Tania Manco

Tania Manco

Student. Developer

© 2019

Loading pages nicely (aka defer vs. DOMContentLoaded)

While doing my JS labs, I encountered lots of null values while trying to learn about event listeners or how to extract valuable information out of an existing HTML element. So, what went wrong and what I should’ve been doing?

First, let’s go through the process of an HTML page once it reaches the browser. Remember, HTML is no different than a piece of non-meaningful text if there is nothing which knows how to understand (parse) it. For that, we have our browser. The DOM (Document Object Model) constructed at the time of page load. While going line by line, the browser will capture different HTML elements and will build the DOM out of it. The DOM is a hierarchical representation of the elements which we then can access through our javascript scripts. When the browser loads HTML and comes across a <script>...</script> tag, it can’t continue building the DOM. It must execute the script right away. The same happens for external scripts <script src="..."></script>: the browser must wait until the scripts downloaded, execute it, and only then process the rest of the page.

One good practice is to declare our javascript right before the and of the page before the body element is being closed </body>. On the opposite side, it is advisable to declare our stylesheets right at the <head> element.

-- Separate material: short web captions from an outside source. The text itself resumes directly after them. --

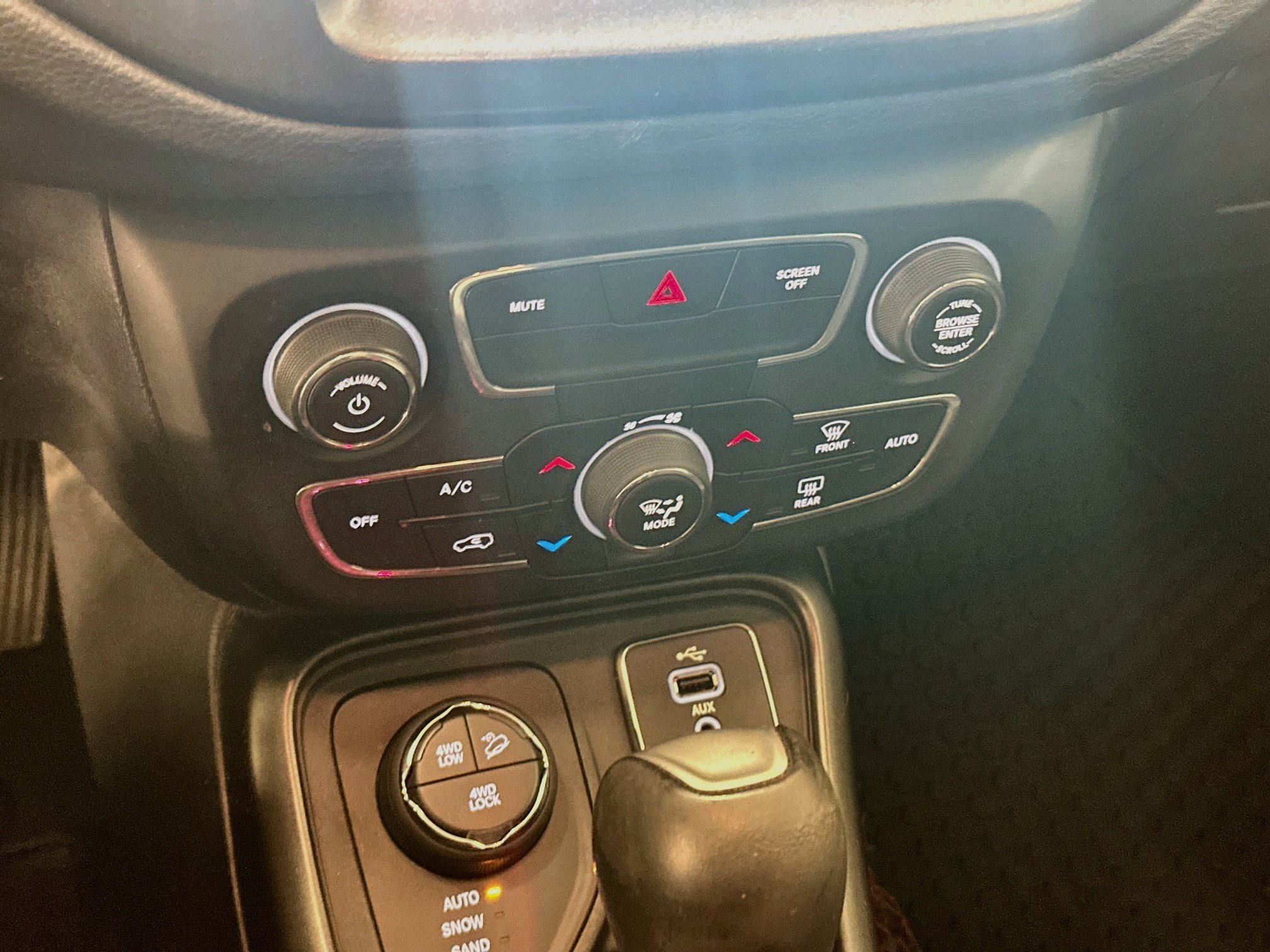 Used 2018 Jeep Compass Trailhawk w/ Navigation Group AWD/4WD image 24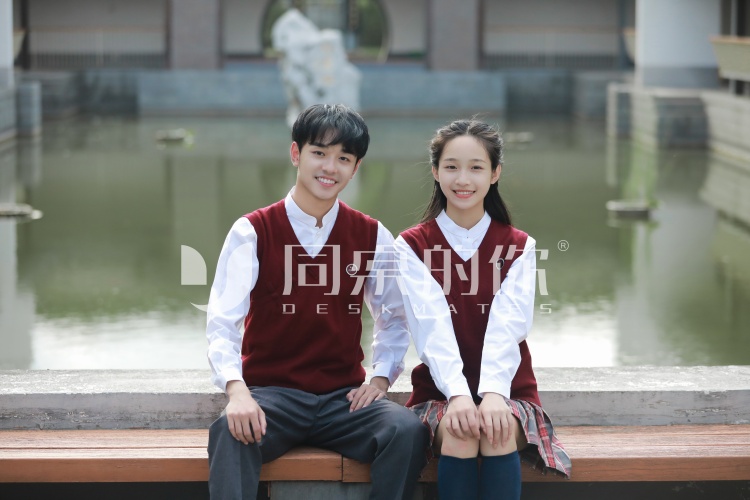 江蘇校服品牌推薦：同桌的你，引領(lǐng)校服行業(yè)變革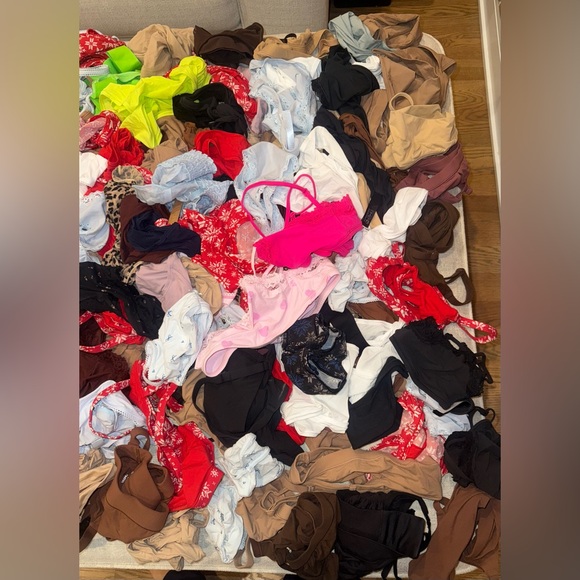 SKIMS Bundle of 200 Items Bralettes & Panties - Picture 3 of 3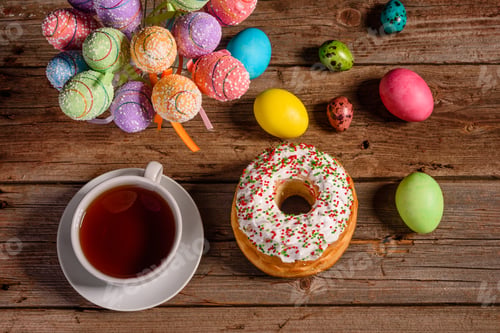 Preview: Easter cake and colorful eggs on a dark background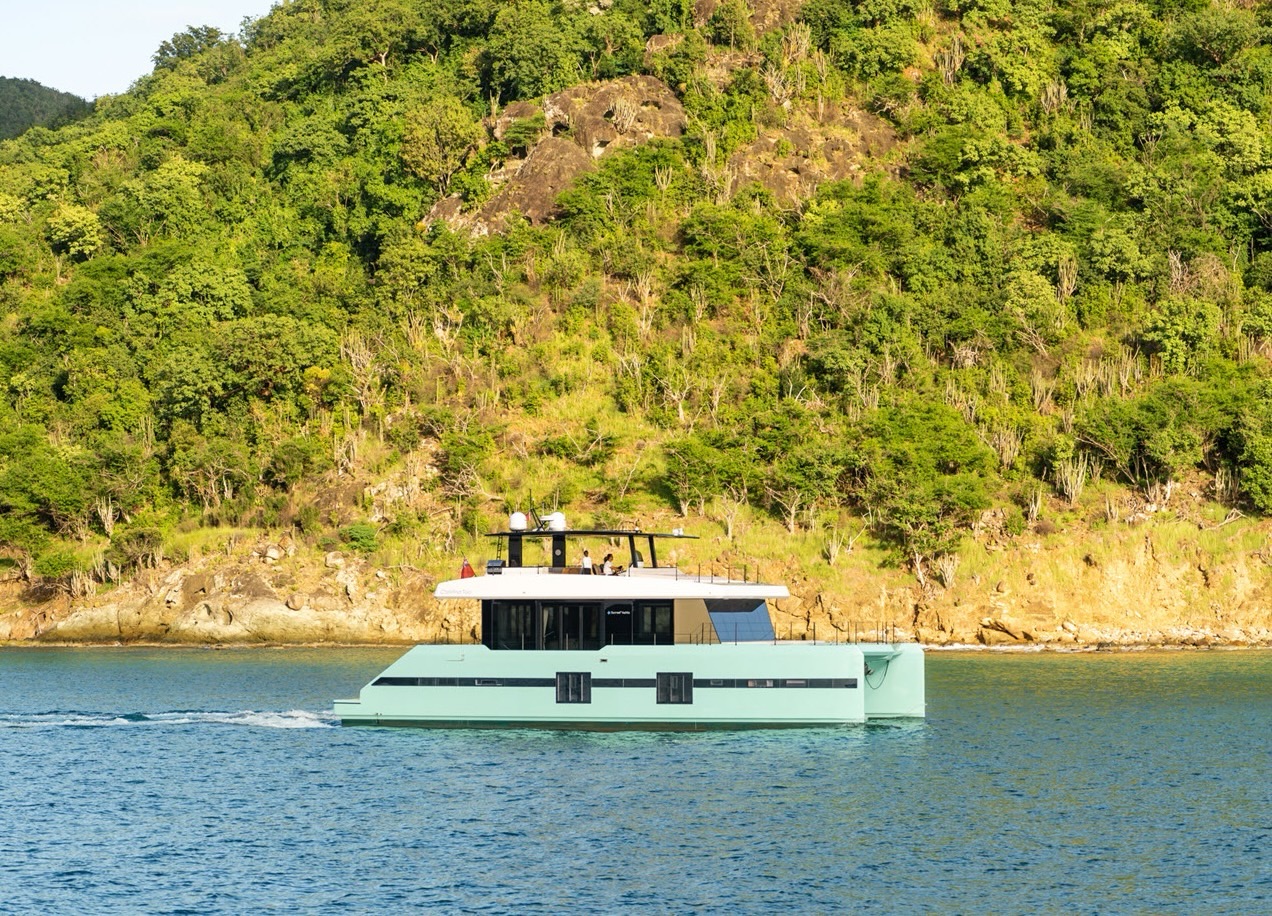 Sunreef Power Cat 70 ft - Bimini Charter 9 Helm electronics β detail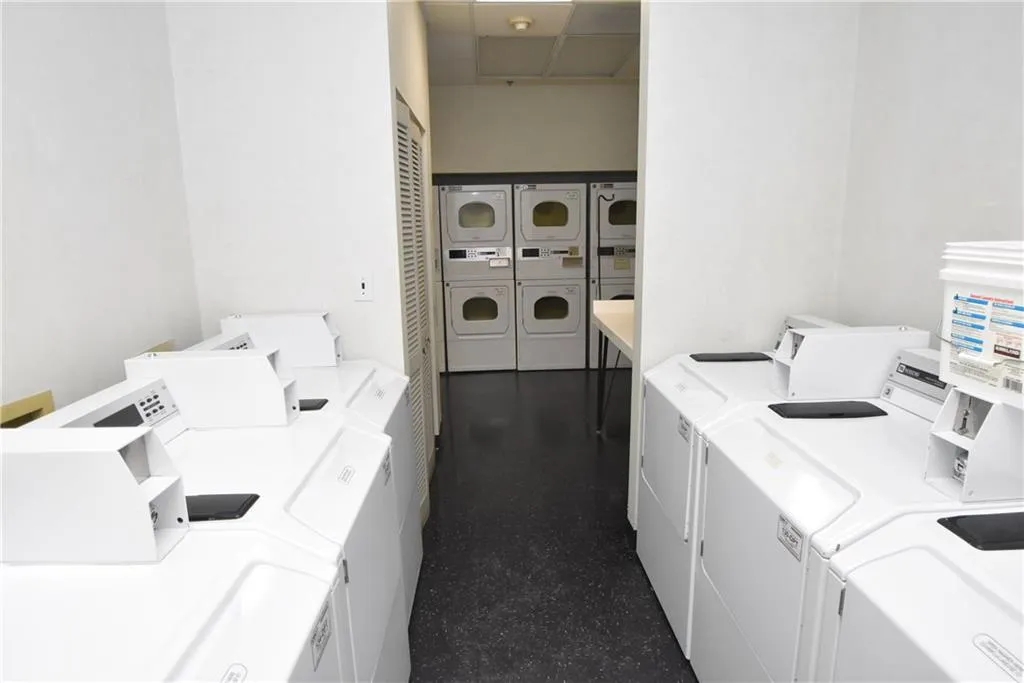 795 Hammond Drive Unit 209, Sandy Springs, Georgia 30328, 1 Bedroom Bedrooms, ,1 BathroomBathrooms,Residential,Sold,795 Hammond Drive Unit 209,6057664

Declaring our scripts as part of the <head> element may lead to an unexpected behavior. You might wonder why is it a problem, let’s assume you have a js page with lots of declarations, and functionalities. JS will run first and will try to find elements from our HTML world, but WAIT! We have a problem! the tags and the information they carry are not loaded yet, and our script can’t find them and cant modify them.

<body>
  ...all content is above the script...

  <script src="someJS.js"></script>
</body>

The browser notices the script (and can start downloading it) only after it parsed the full HTML document and represents it as the DOM. For heavy HTML documents, that may be a noticeable delay.

We can also leave it at the top of the page and ask defer to help us out. The defer attribute tells the browser to execute the script file once the HTML document parsed. Here is an example where would you like to locate the attribute.

<script defer src="script.js"></script>

Another solution we have for this issue is an event listener on the document that will say “fire up everything as soon as this page content loads. and DOM is fully constructed”.